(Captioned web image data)
++++++

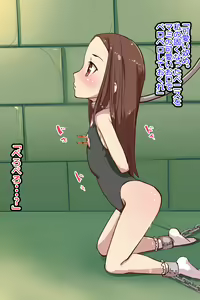 Page 309 of J● Dokusha Model Mami C Kankin Choukyou Nisshi - preview thumbnail
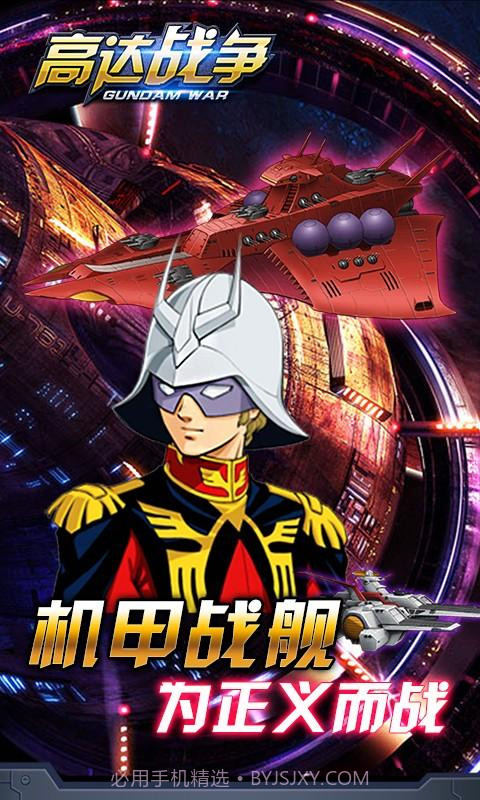 高达战争截图2 高达战争截图2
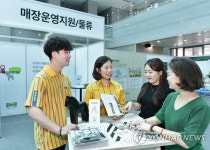 이케아 동부산점 채용 방법 알려드려요!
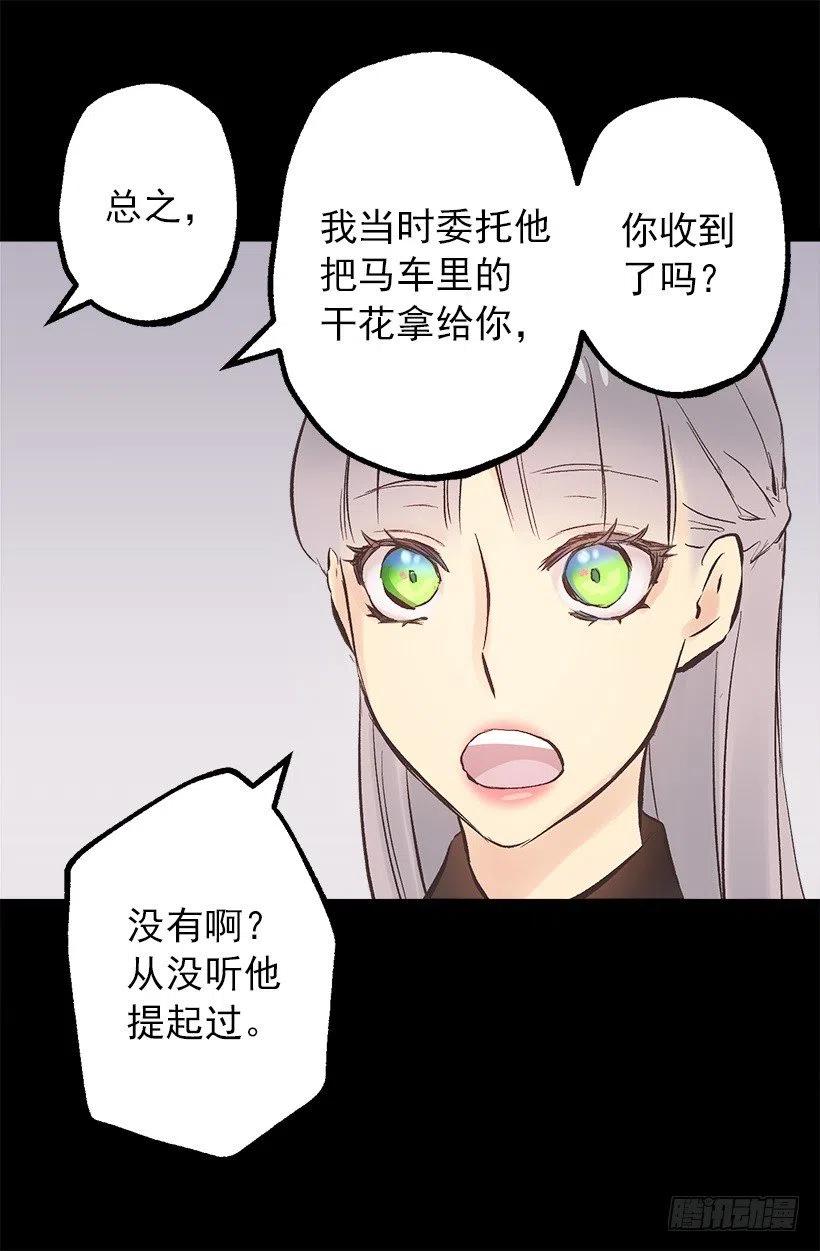 120.与奥托的谈话-第120话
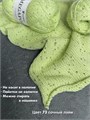 МЕГАПОЛИС, 100% хлопок+микропайетки, 50 г/375 м, цвет 73 сочный лайм, 1 моток 3692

++++++

> **TASK DIRECTIONS**
Copy out only the lines from the one containing "이케아 동부산점 채용 방법 알려드려요!" to the end of the entries, unchanged. Drop the pictures.

> **ANSWER TO THIS EXERCISE**
 이케아 동부산점 채용 방법 알려드려요!
 120.与奥托的谈话-第120话
 МЕГАПОЛИС, 100% хлопок+микропайетки, 50 г/375 м, цвет 73 сочный лайм, 1 моток 3692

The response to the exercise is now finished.